The Housing and Planning Act, regressive legislation that would hit London's poorest hardest, should be opposed in the area where inequality is at its starkest.

This summer, East End Sisters Uncut secured a series of vital concessions from Hackney Council after reclaiming an empty council flat on Marian Court estate in East London. We took the flat and transformed it into a community centre to raise awareness of the housing problems faced by domestic violence survivors, especially in Hackney, where 60 per cent of women are turned away from refuges.

Housing is a basic necessity for survivors of domestic violence. Across the borough, survivors are too often placed in unsafe hostels with men, risking further abuse, or housed in temporary accommodation where they have little security.

When we took over the flat in July, we made four demands of Hackney Council: fill all empty council flats with people who need them, stop using hostels for survivors of domestic violence, don’t lose any more council homes through estate regeneration, and refuse to implement the Housing and Planning Act (no rent rises, keep lifetime tenancies, no evictions).

In response to several weeks of direct action and after two rounds of negotiations, Hackney Council has made a number of important concessions.

The new mayor of Hackney, Philip Glanville, who attended the negotiations, promised to stop using private hostels and B&Bs to house survivors of domestic violence, and to consider using women-only hostels.

Glanville – who has represented Hoxton Ward as a Labour councillor for ten years – also plans to increase specialist domestic violence training for staff in council-run hostels and for all council staff, do up all empty units on the Marian Court estate and fill them with people by Christmas, and fill all empty units in Hackney within 12 months.

Local children created a petition to support one extra demand: redo the estate’s playground and open it up for use.

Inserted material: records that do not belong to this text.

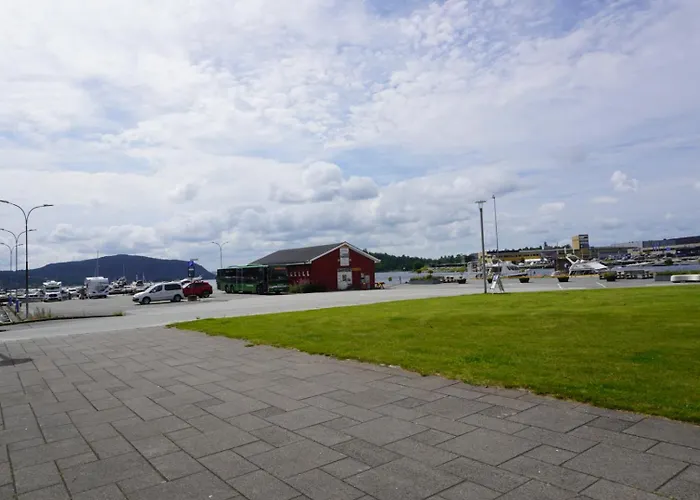 Cozy Flat With Balcony In - Close To The Pulpit Rock Jørpeland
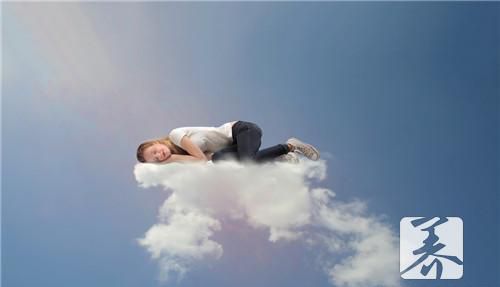 女人梦见在雨中走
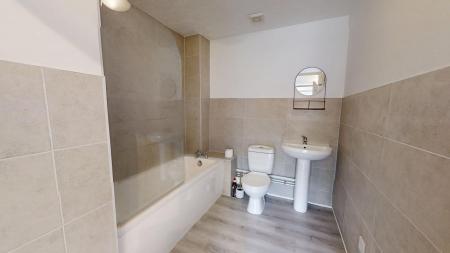 1 bedroom Flat to let in Walnut Park, Haywards Heath, RH16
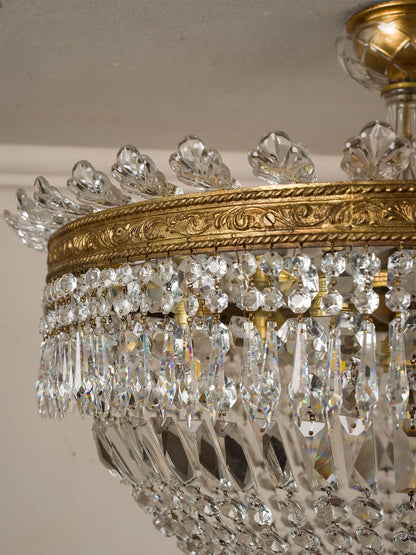 Lampadario vintage italiano in cristallo e ottone con corona di foglie in vetro, stile Impero restaurato | Lo Stile Italiano 
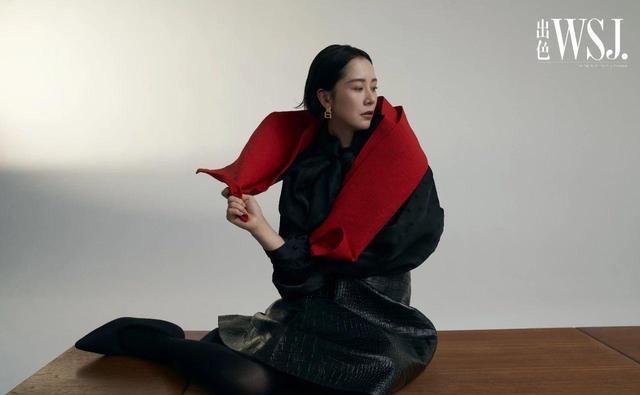 迪丽热巴|海清《出色》开年刊封面,全程黑丝又美又酷,横躺桌上太霸气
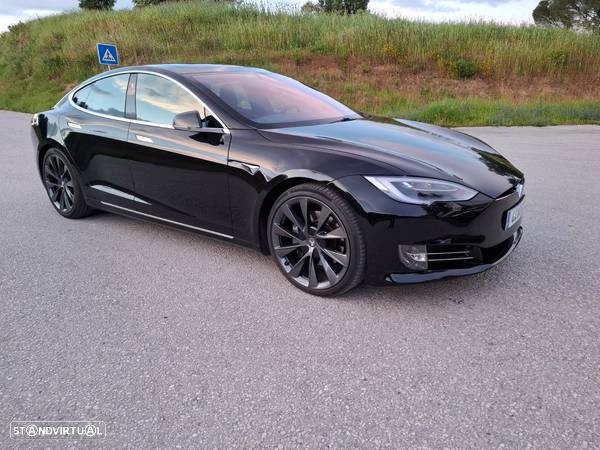 Tesla Model S 100D - 1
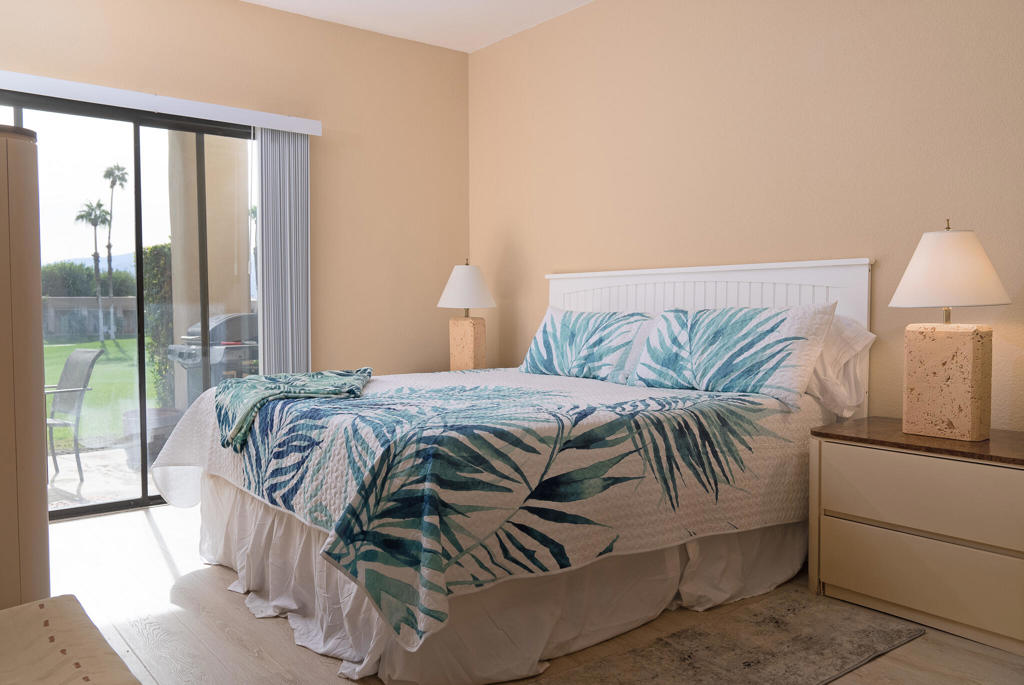 Residential Lease for rent at 67399 Toltec Court, Cathedral City CA featuring 1 bed and 2 baths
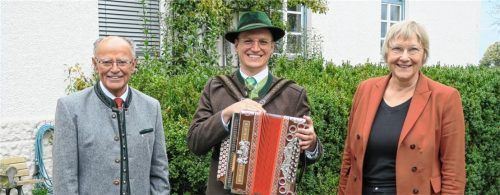 Stellen den neuen Bezirks-Volksmusikpfleger Leonhard Meixner (Mitte) vor: Bezirkstagspräsident Josef Mederer und Bezirks-Kulturabteilungsleiterin Dr. Elisabeth Tworek. Foto bjn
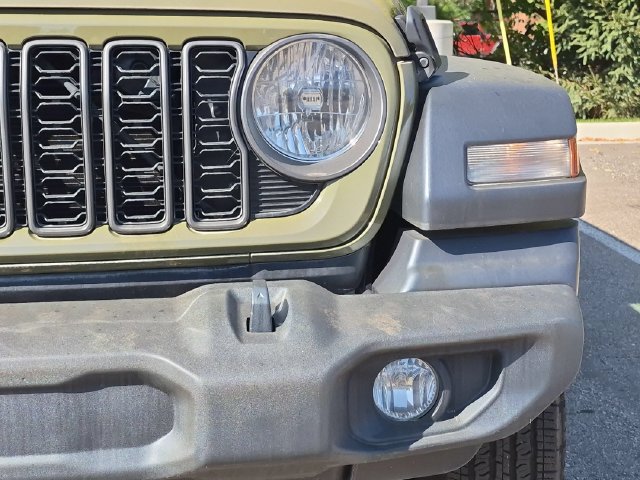 New 2026 Jeep Wrangler Unlimited Sport AWD/4WD image 9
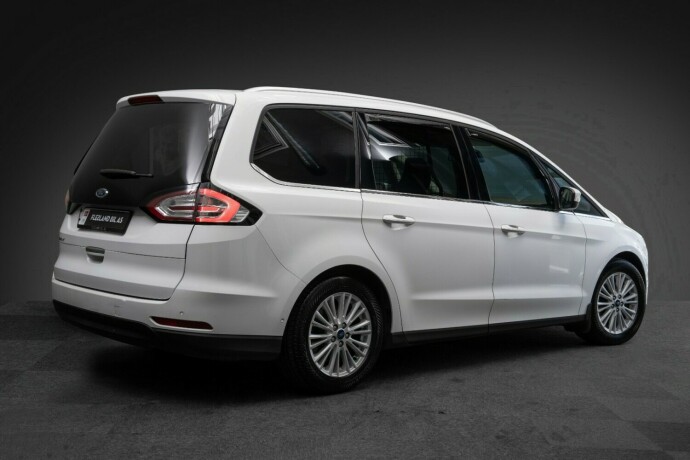 ford-galaxy-diesel-2017-big-9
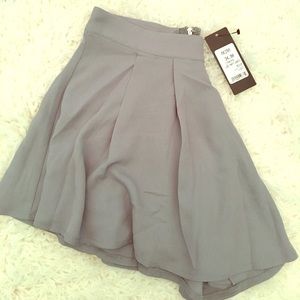 COLLEGE MOVING SALE Akira High Waisted shorts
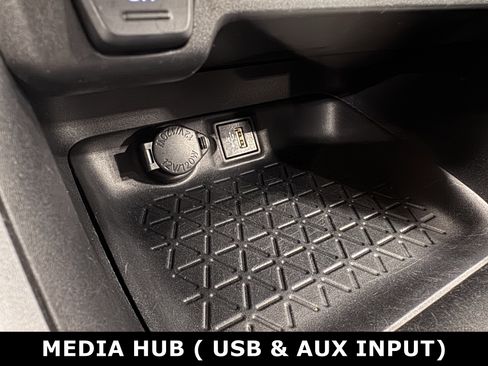 Used 2024 Toyota RAV4 XLE image 9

As a result, the council said it would open the playground within the next few weeks.

A radical history of resistance

While we’re pleased with the progress made, there is still work to be done – particularly around our fourth demand: refuse to implement the Housing and Planning Act. Glanville says he is against the Act and indeed campaigned against it in the run-up to the Bill passing, so why not commit to our fourth demand?

After all, Labour councils have a history of saying no to Tory policy.

In 1972, Clay Cross Council refused to implement an Act that would increase council rents by 25 per cent. The council imposed a rent strike and refused to cooperate. No money was collected on increased rent, and Labour repealed the act in 1974.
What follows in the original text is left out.